YOUR INSTRUCTIONS: Line by line, repeat the material below exactly and skip the images.

DATASET CONTENT:
#####
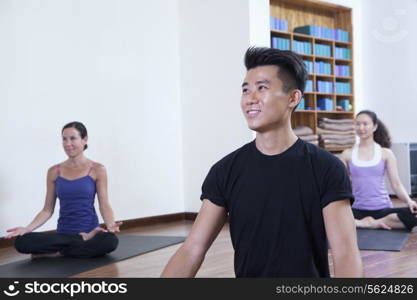 Smiling man sitting cross-legged in a yoga class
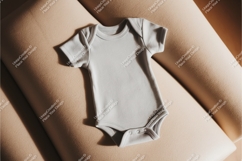 Gray baby onesie on beige cushion mockup Product Image 1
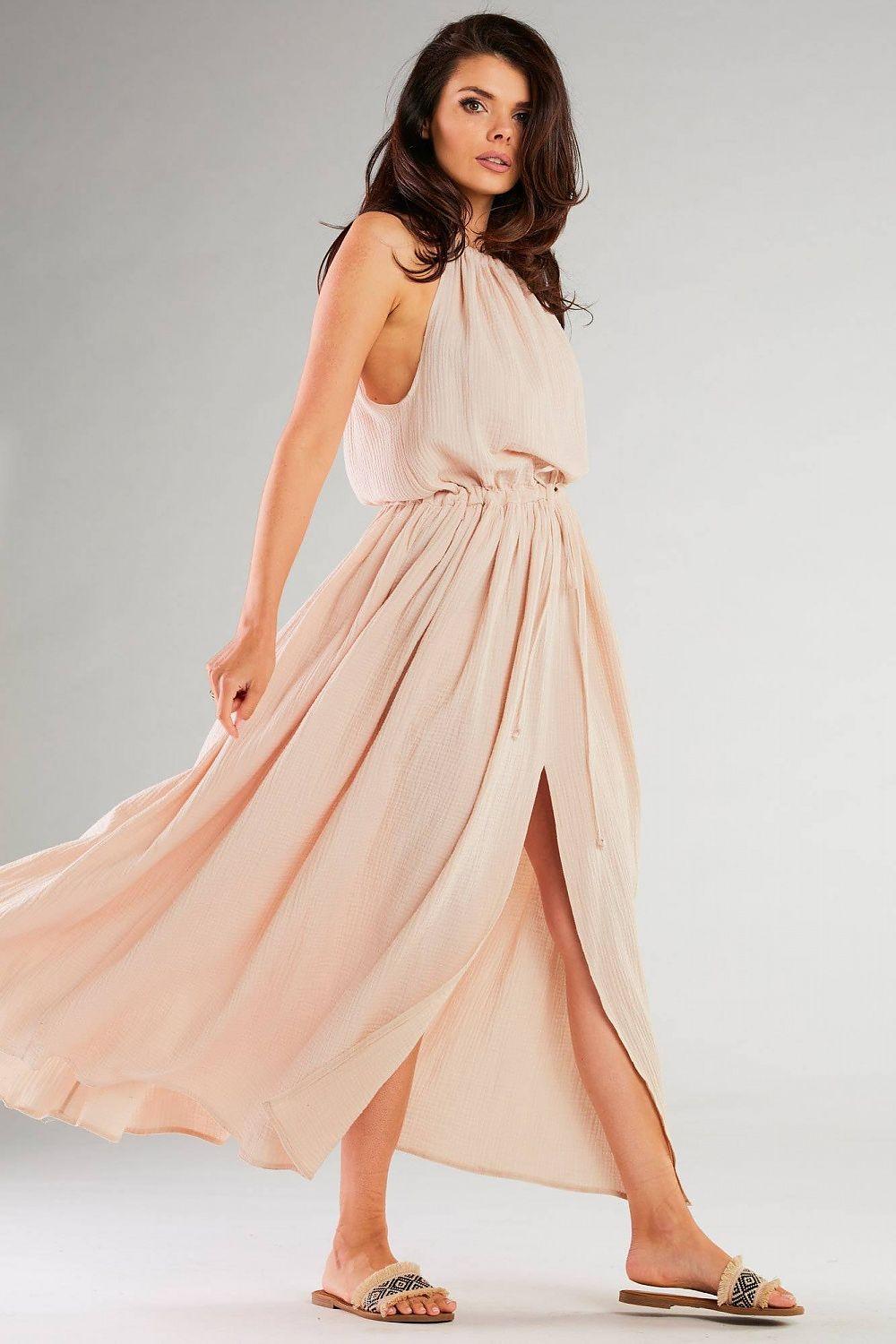 Beige daydress with halter neckline, tie front, gathered waist and flowy maxi skirt.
#####
ANSWER SECTION:
 Smiling man sitting cross-legged in a yoga class
 Gray baby onesie on beige cushion mockup Product Image 1
 Beige daydress with halter neckline, tie front, gathered waist and flowy maxi skirt.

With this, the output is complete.